First of all, let me say that you are not alone! Even some of the top scientists in history have repeatedly experienced failure in the lab. Thomas Edison explained it best when he said:

“I haven’t failed. I’ve found 10,000 ways that didn’t work.”

Failed experiments are a part of science.

And learning to deal with those failures is a part of being a scientist.

Why does an experiment fail?

But in the home setting, we generally want an experiment to work. After all, these hands-on scientific tests are the flesh of science for our students. We need our program’s experiments to show science in action.

Generally an experiment fails for two key reasons:

  1. Failure to have the right supplies. Either you don’t have all the supplies you need or the ones you have are outdated or expired.
  2. Failure to follow the directions. I am not trying to point fingers at anyone, even I have been guilty of rushing through the directions and missing a key step.

Now that we know why an experiment typically fails, let’s chat about what you can do when it happens to you.

What can you do when it happens to you?

When that experiment doesn’t goes as planned, you can break it down and figure out the anatomy of the failure. These steps will help you find out where things got off track, so that you can get that experiment up and running once more.

Step 1: Re-read the directions

Start the process by carefully reading over the directions one more time. See if you missed any of the steps along the way.

Step 2: Read the expected results and explanation.

Sometimes all you need to know is where you are going to get there. Reading over the results and explanation can help you to see where things went south.

Step 3: Ask several questions.

Ask the following questions:

  1. Did I follow all the directions?
  2. Did I have all the correct supplies?
  3. Were any of my supplies expired or outdated?
  4. How did what I saw differ from what should have happened?
  5. Are there any obvious reasons why the experiment failed?

Step 4: Correct and try again.

Use the information from steps one through three, to correct any errors as you try the experiment one more time.

Step 5: Discuss.

Hopefully the experiment worked the second time. If it didn’t, you can go through steps one through three again to see if you can figure out where things went wrong.

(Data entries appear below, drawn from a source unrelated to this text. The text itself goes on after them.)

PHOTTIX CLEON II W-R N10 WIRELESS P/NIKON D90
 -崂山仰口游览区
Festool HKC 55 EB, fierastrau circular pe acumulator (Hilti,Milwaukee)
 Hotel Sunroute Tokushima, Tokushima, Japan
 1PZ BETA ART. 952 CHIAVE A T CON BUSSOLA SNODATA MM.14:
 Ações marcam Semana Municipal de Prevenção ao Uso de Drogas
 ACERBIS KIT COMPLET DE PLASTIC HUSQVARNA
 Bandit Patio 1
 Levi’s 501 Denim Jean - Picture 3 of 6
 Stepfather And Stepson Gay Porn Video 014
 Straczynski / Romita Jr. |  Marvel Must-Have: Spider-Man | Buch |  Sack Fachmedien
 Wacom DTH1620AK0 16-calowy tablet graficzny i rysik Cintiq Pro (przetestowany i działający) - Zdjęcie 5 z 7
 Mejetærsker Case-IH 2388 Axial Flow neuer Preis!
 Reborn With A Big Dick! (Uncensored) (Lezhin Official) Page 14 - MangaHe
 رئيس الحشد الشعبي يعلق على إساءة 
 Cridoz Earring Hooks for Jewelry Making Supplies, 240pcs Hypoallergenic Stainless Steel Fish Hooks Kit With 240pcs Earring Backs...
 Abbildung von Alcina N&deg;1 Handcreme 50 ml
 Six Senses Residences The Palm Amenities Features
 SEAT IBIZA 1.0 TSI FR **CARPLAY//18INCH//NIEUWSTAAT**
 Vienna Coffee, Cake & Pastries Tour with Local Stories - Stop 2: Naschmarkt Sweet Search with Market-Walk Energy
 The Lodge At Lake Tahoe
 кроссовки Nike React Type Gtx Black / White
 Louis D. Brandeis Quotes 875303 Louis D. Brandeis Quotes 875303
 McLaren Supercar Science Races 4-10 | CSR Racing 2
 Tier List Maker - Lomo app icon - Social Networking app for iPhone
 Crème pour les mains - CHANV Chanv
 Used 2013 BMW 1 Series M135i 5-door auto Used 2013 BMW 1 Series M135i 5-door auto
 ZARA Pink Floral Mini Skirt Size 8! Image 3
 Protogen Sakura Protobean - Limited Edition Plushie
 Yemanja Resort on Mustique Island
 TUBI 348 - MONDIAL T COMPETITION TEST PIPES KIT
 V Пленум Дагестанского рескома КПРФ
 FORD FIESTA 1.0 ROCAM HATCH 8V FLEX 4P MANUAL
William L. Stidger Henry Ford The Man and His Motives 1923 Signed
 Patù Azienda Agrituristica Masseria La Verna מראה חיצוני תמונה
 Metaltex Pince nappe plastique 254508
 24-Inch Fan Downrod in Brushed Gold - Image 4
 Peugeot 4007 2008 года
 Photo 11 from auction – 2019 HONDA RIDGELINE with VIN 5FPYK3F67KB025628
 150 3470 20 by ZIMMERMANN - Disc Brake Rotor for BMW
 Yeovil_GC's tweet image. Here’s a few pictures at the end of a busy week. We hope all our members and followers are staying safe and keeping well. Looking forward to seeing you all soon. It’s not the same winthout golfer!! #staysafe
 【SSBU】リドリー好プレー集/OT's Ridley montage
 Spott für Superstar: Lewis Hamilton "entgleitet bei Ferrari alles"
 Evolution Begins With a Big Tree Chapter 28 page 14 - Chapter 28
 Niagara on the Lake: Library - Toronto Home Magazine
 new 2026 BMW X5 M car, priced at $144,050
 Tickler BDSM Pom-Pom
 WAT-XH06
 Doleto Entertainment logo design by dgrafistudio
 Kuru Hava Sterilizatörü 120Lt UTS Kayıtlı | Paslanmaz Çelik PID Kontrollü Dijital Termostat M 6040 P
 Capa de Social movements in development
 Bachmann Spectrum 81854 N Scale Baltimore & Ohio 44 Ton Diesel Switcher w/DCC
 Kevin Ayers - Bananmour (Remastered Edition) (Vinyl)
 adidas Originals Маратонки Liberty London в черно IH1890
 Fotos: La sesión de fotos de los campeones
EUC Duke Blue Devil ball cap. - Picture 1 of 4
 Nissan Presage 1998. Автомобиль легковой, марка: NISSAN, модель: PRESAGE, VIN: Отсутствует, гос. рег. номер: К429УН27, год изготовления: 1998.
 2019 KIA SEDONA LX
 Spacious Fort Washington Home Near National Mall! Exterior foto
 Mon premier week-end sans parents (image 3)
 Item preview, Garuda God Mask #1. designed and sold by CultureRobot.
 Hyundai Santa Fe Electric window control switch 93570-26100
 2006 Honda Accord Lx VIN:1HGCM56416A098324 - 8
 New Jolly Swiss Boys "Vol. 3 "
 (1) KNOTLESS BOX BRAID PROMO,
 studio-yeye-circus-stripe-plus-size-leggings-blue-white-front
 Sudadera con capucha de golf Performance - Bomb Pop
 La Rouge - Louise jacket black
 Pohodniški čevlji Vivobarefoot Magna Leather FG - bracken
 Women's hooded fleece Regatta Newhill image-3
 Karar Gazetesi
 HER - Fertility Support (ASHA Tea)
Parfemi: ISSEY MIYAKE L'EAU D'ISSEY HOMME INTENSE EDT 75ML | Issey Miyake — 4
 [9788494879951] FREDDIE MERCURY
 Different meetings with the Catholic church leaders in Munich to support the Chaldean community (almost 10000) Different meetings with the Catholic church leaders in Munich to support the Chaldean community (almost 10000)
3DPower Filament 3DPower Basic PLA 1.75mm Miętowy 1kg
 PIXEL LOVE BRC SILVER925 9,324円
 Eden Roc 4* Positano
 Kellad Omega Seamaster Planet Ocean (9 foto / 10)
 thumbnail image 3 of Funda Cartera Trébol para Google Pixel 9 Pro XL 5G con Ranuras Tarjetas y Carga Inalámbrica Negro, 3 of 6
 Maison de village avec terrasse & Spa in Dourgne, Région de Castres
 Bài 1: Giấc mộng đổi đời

Afterwards, you can discuss the expected results along with what the experiment failure and success has shown your students about science.

Wrapping it up

Teaching our kids to deal with a failed experiment is just as important as teaching them observation skills. So embrace those failed experiments! Do a quick assessment to see if you can find where the experiment got off track. In this way, your kids will learn to think like a scientist, even from an experiment failure.